- Collected data -

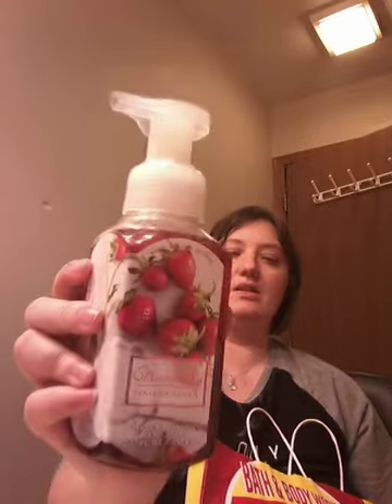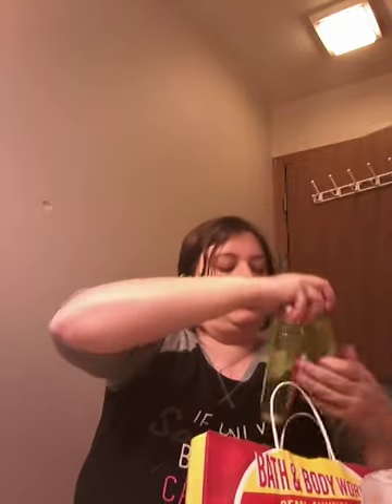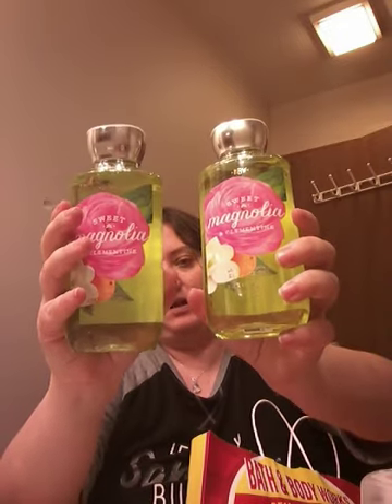Then I got another Strawberry Vanilla — mouthwatering strawberry and sweet vanilla cream. It smells really good; I have another one in my collection. The last items in this bag are two more Magnolia and Clementine shower gels, then another three. So I have a total of five from the second transaction, and two from the first, giving me ten shower gels total.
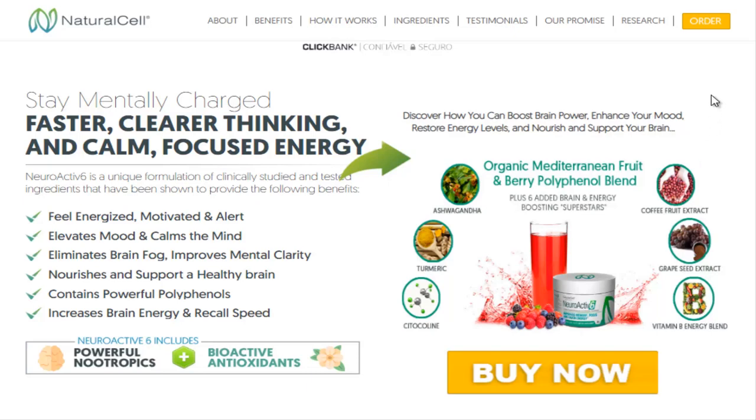The mission of Natural Cell Maker of Neuroactive 6 is always to offer people a brand they can truly trust, to buy superior supplements for themselves and their family.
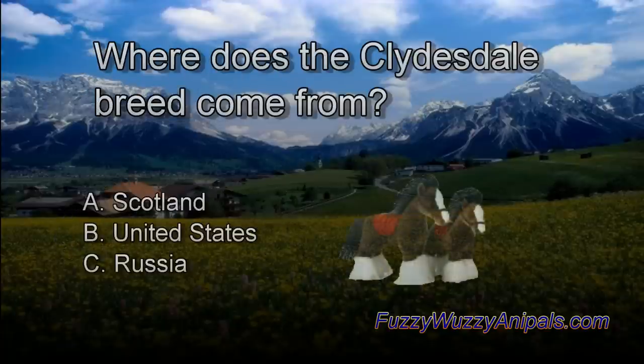Question 3: Where does the Clydesdale breed come from? A: Scotland, B: United States, C: Russia.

- Exercise goal -
The result should be the listing above, restated exactly, with no pictures in it.

- Solution for this problem -
Then I got another Strawberry Vanilla — mouthwatering strawberry and sweet vanilla cream. It smells really good; I have another one in my collection. The last items in this bag are two more Magnolia and Clementine shower gels, then another three. So I have a total of five from the second transaction, and two from the first, giving me ten shower gels total.
The mission of Natural Cell Maker of Neuroactive 6 is always to offer people a brand they can truly trust, to buy superior supplements for themselves and their family.
Question 3: Where does the Clydesdale breed come from? A: Scotland, B: United States, C: Russia.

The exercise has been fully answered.